The claims were brought by the former directors (and the ultimate owners) of Hyper Trust Limited (“Hyper Trust”), which owns and operates the Leopardstown Inn public bar and restaurant. The former directors (the “Claimants”) owned and operated the business of Hyper Trust since 1978 and both worked in the business.
At the Claimants’ instigation, Hyper Trust obtained protection from its creditors through a High Court examinership process. While the Claimants had made an investment proposal, the Examiner chose an investment proposal from a third party and formulated a Scheme of Arrangement based on that investment proposal. The Scheme of Arrangement provided that the Claimants would be removed and replaced once the Scheme of Arrangement came into effect. The Claimants opposed the Scheme of Arrangement, but it was approved by the High Court.

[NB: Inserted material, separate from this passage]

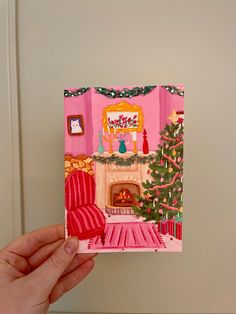 a hand holding up a christmas card with a fireplace in the corner and pink walls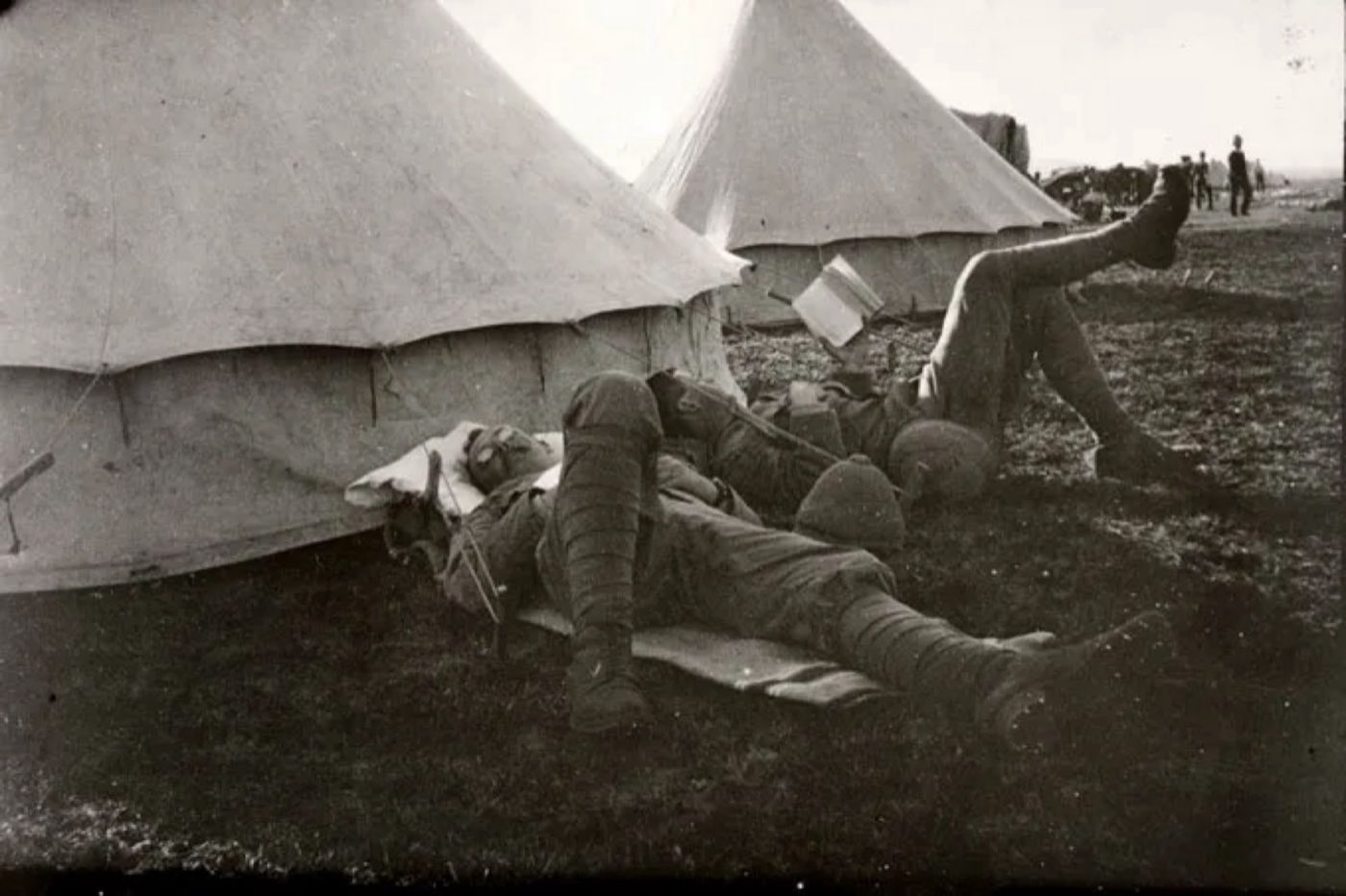 Soldiers resting beside a row of tents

The Tribunal noted that there is no single determinative factor as to whether a person is an employee and that all relevant facts must be considered. The Tribunal was satisfied that:
(a) the PRSI for the Claimants was paid under class S1 (self-employed) since 2008;
(b) no written contract of employment existed (albeit that there was evidence that the directors had requested contracts be drawn up shortly before they lost control of Hyper Trust);
(c) the Claimants had other sources of income;
(d) the Claimants considered and treated the assets of Hyper Trust to be their own; and
(d) the Company paid personal expenses of the Claimants.
Considering these factors, together with the evidence and submissions of both sides, the Tribunal held that the Claimants were not employees and, therefore, were not entitled to the relief claimed.